約3年ぶり、日本“だけ”を訪問したメルケル独首相の真意は…… (C)時事

 

 ドイツのアンゲラ・メルケル首相が2月4日、来日した。約3年ぶりであるのに、メディアではそれほど重要視していないような報道が目立った。だが、日独は今、かつてないほど共通の課題に直面している。

 第1に、自国第1主義による保護主義の脅威だ。

 これまで自由貿易の繁栄を謳歌してきた世界経済は、ここにきて急に保護主義の脅威にさらされている。戦後、自由貿易体制の受益国として、その恩恵を最大限に享受してきた日独にとり、この変化は是が非でも止めなければならない。両国にとり、何よりの利益は、自由で開かれた、ルールに基づいた国際秩序だ。両国は協力してこの重要性を訴えていく必要がある。2月1日に発効した日本とEU(欧州連合)の経済連携協定は、日独による自由貿易体制堅持の決意表明だ。メルケル首相は、協定の発効が「世界への重要なシグナルである」と述べた。

ポピュリズムの嵐

 第2は、不安定化が増す世界情勢だ。

 ドイツを取り巻く現下の情勢は厳しい。EUからは英国が離脱を決めたものの、離脱交渉は難航、今や合意なき離脱のシナリオも聞かれる。そうなった場合、大きな混乱が生じるのは必至だ。
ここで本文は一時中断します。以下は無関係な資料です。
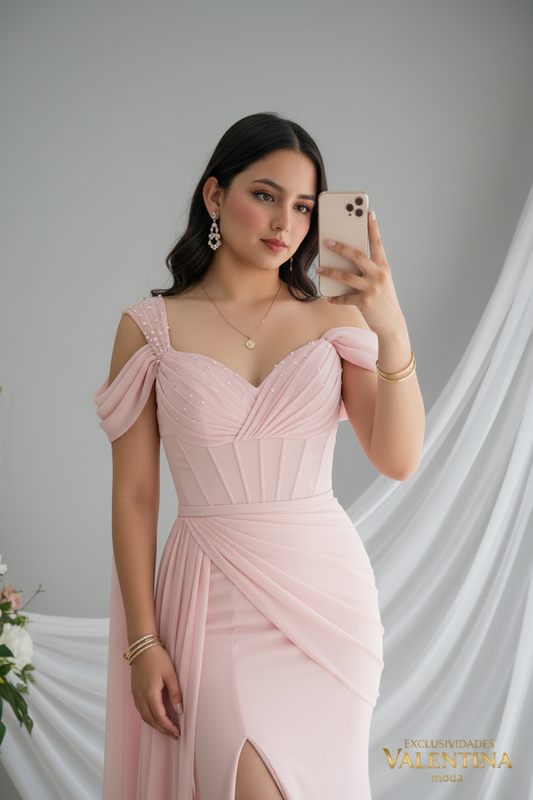 Vestido Rosa Palo Chiffon Off-Shoulder con Abertura Frontal cod.V509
ポピュリズムの嵐は各国に吹き荒れ、イタリアなどEUの主要国でさえポピュリストが政権を握る例が珍しくなくなった。そのポピュリストは、一様に反EUだ。5月に予定される欧州議会選挙が、近年まれに見るほどの注目を集めるのは、この選挙が中道勢力対ポピュリスト勢力の決戦場になると見られているからだ。